Vitamin D inhibits proliferation of human uterine leiomyoma cells via catechol- O-methyltransferase

Abstract

To evaluate the effects and mechanisms of action of vitamin D on human uterine leiomyoma (HuLM) cell proliferation in vitro. Laboratory study. University hospitals. Not applicable. Not applicable. HuLM cells were treated with 1,25-dihydroxyvitamin D3 (vitamin D), and cell proliferation was assayed by the methylthiazolyl tetrazolium technique. proliferating cell nuclear antigen (PCNA), BCL-2, BCL-w, cyclin-dependent kinase (CDK) 1, and catechol-O-methyltransferase (COMT) protein levels were analyzed by Western blotting. COMT mRNA and enzyme activity were assayed by quantitative reverse-transcription polymerase chain reaction (RT-PCR) and high-performance liquid chromatography analysis, respectively.
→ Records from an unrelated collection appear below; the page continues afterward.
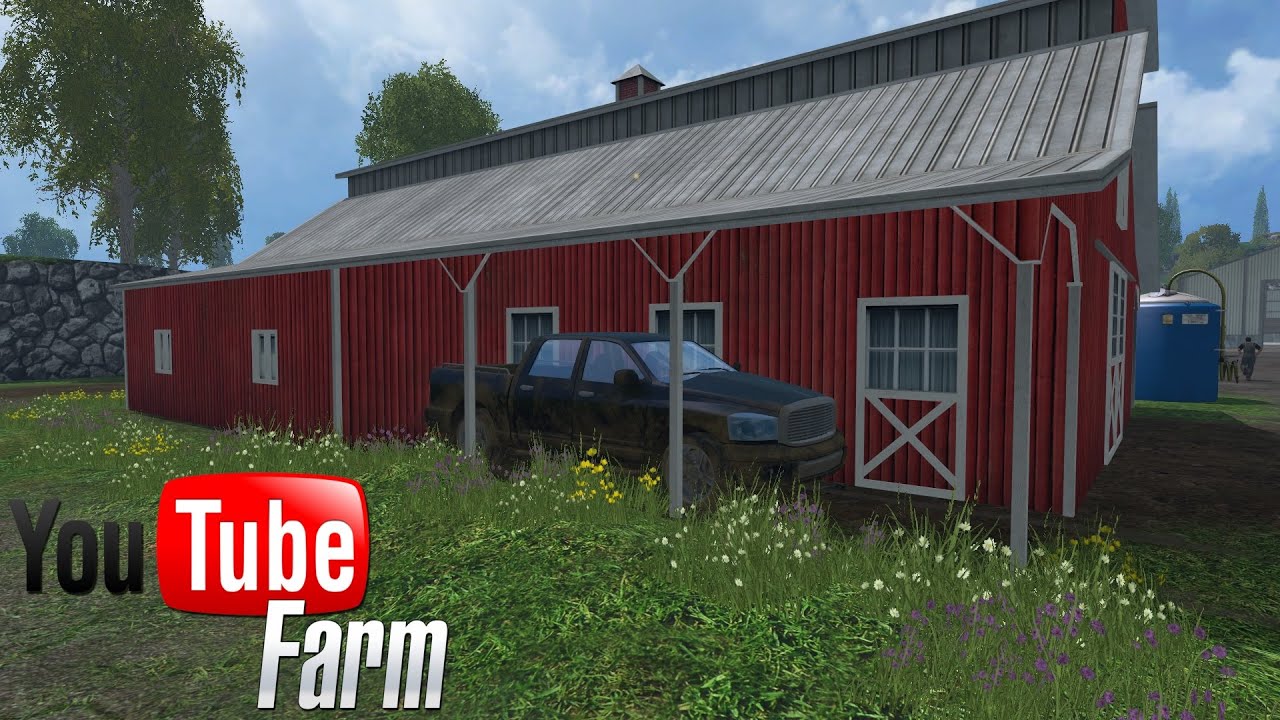 YOUTUBE-FARM - Farmig Simulator 15 - Felder bestellen #12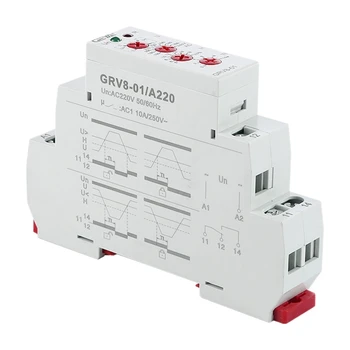 GEYA Voltage Relay Over-Voltage Or Undervoltage Protection Relay AC220V 10A Electrical Voltage Monitoring Relay GRV8-01
GEYA Voltage Relay Over-Voltage Or Undervoltage Protection Relay AC220V 10A Electrical Voltage Monitoring Relay GRV8-01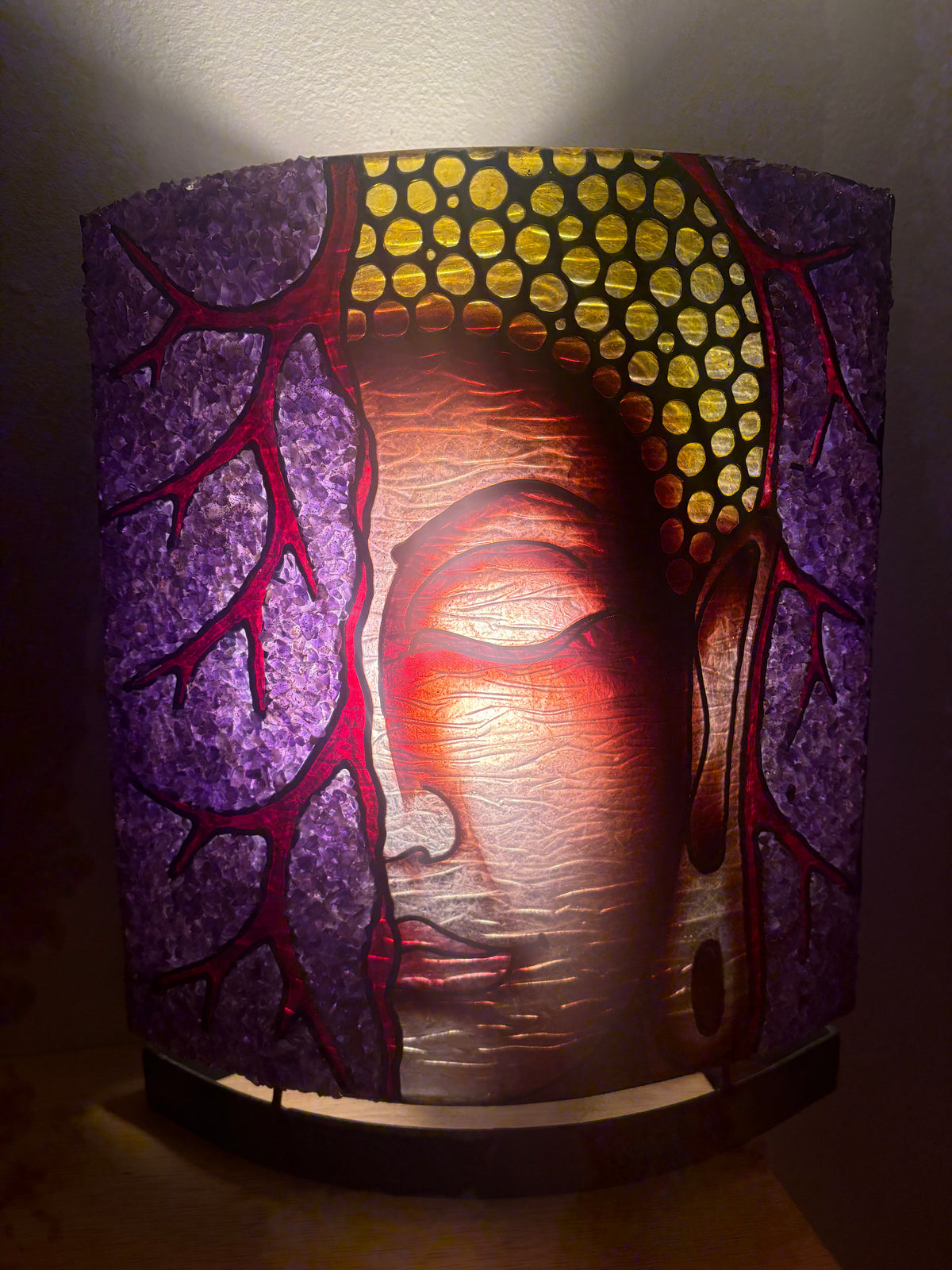 Gemstone Lamp Light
The role of COMT was evaluated in stable HuLM cells by silencing COMT expression. Vitamin D inhibited the growth of HuLM cells by 47±0.03% at 1 μM and by 38±0.02% at 0.1 μM compared with control cells at 120 hours of treatment. Vitamin D inhibited extracellular signal-regulated kinase activation and down-regulated the expression of BCL-2, BCL-w, CDK1, and PCNA. Western blot, RT-PCR, and enzyme assay of COMT demonstrated inhibitory effects of vitamin D on COMT expression and enzyme activity. Silencing endogenous COMT expression abolished vitamin D-mediated inhibition of HuLM cell proliferation. Vitamin D inhibits growth of HuLM cells through the down-regulation of PCNA, CDK1, and BCL-2 and suppresses COMT expression and activity in HuLM cells. Thus, hypovitaminosis D appears to be a risk factor for uterine fibroids.